[Data to process]
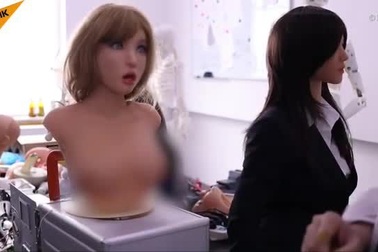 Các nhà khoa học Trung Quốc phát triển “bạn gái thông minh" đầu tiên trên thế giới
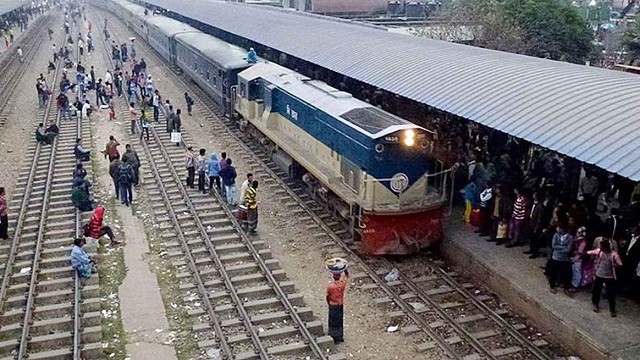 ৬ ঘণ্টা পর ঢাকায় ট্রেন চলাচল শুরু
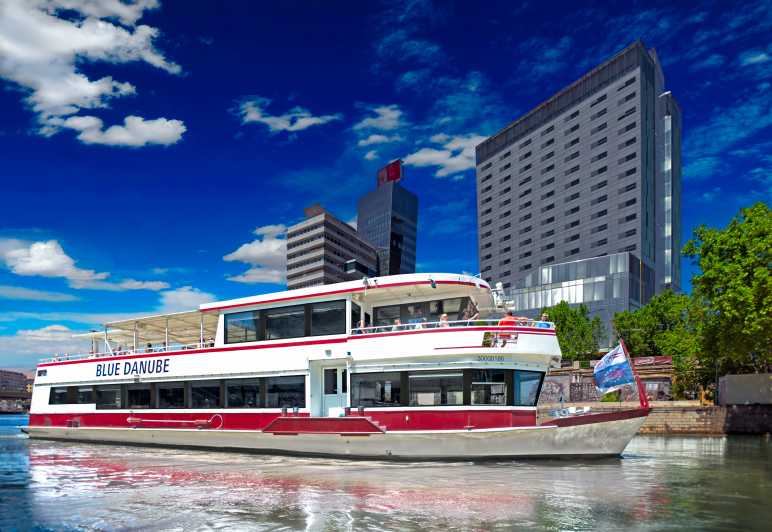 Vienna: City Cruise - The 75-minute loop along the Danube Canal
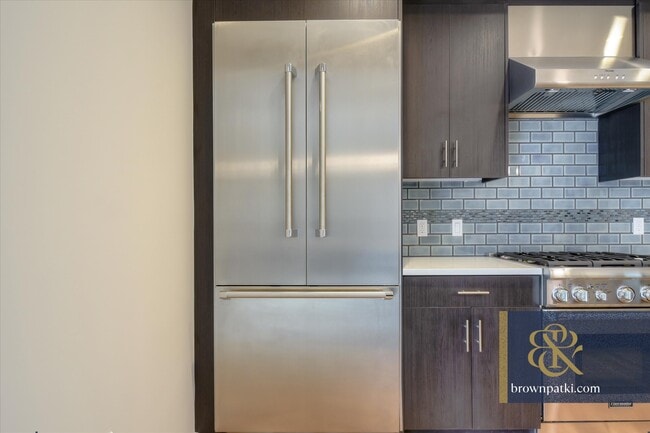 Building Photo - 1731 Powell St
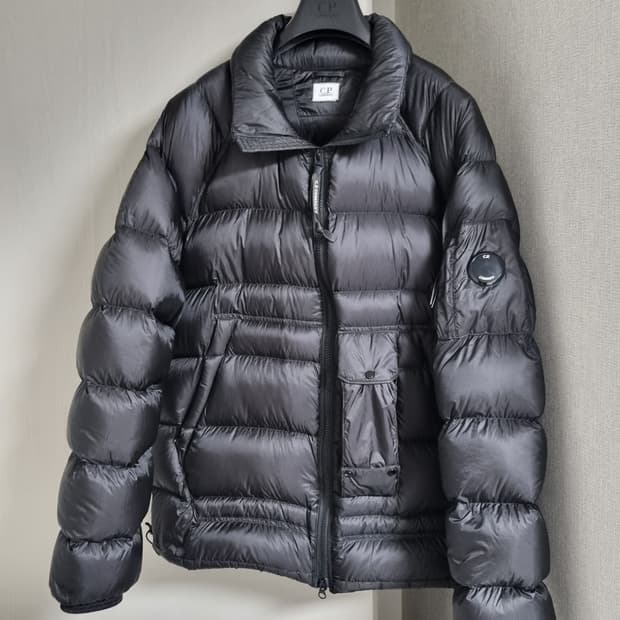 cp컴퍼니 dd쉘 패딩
[/Data to process]
[Data to process]
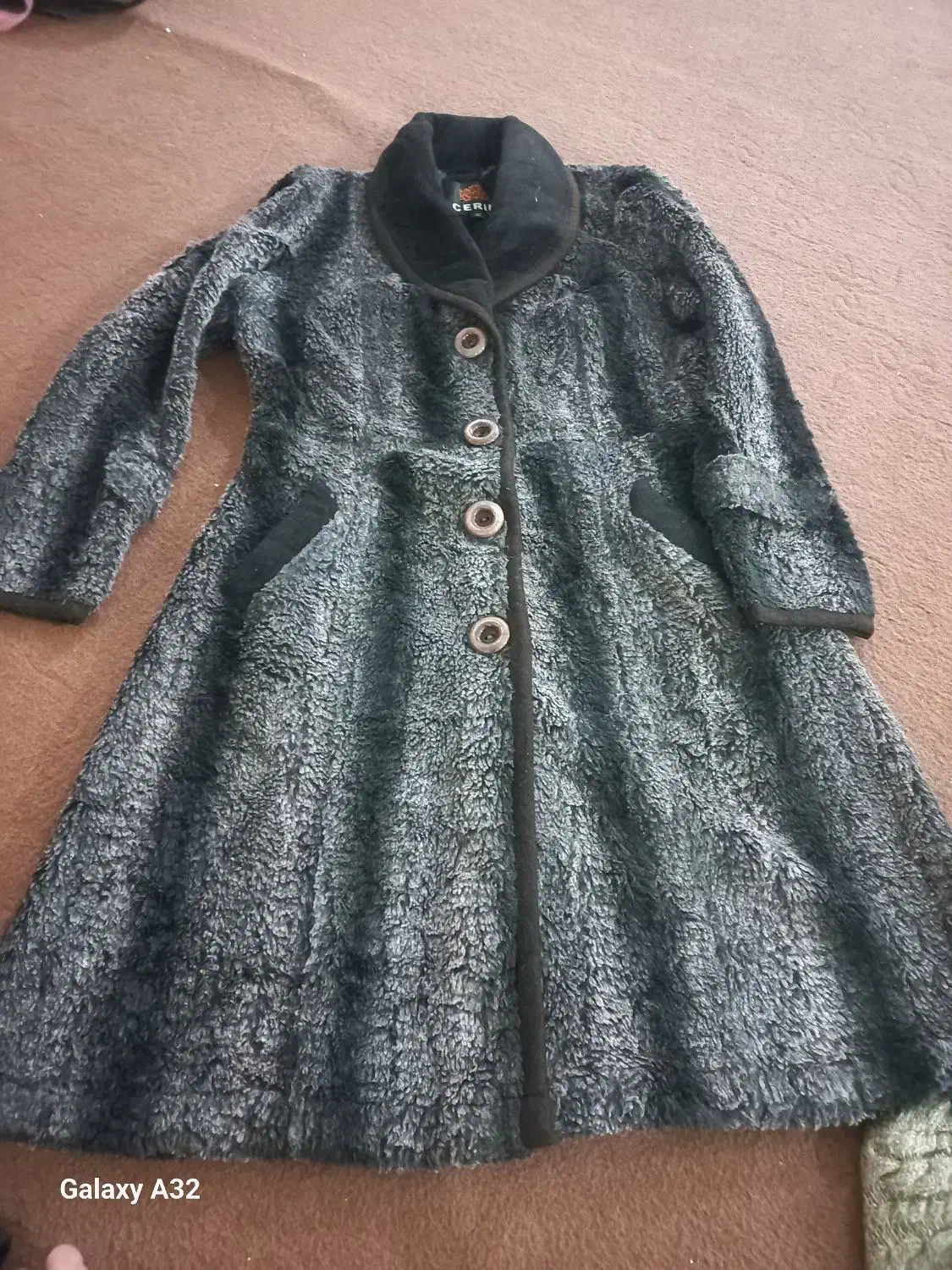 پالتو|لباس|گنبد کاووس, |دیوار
[/Data to process]
Exercise goal:
Go back to the listing above and reproduce, exactly, the stretch from the line bearing "Các nhà khoa" through the line bearing "cp컴퍼니 dd쉘 패딩", without its pictures.

Task result:
 Các nhà khoa học Trung Quốc phát triển “bạn gái thông minh" đầu tiên trên thế giới
 ৬ ঘণ্টা পর ঢাকায় ট্রেন চলাচল শুরু
 Vienna: City Cruise - The 75-minute loop along the Danube Canal
 Building Photo - 1731 Powell St
 cp컴퍼니 dd쉘 패딩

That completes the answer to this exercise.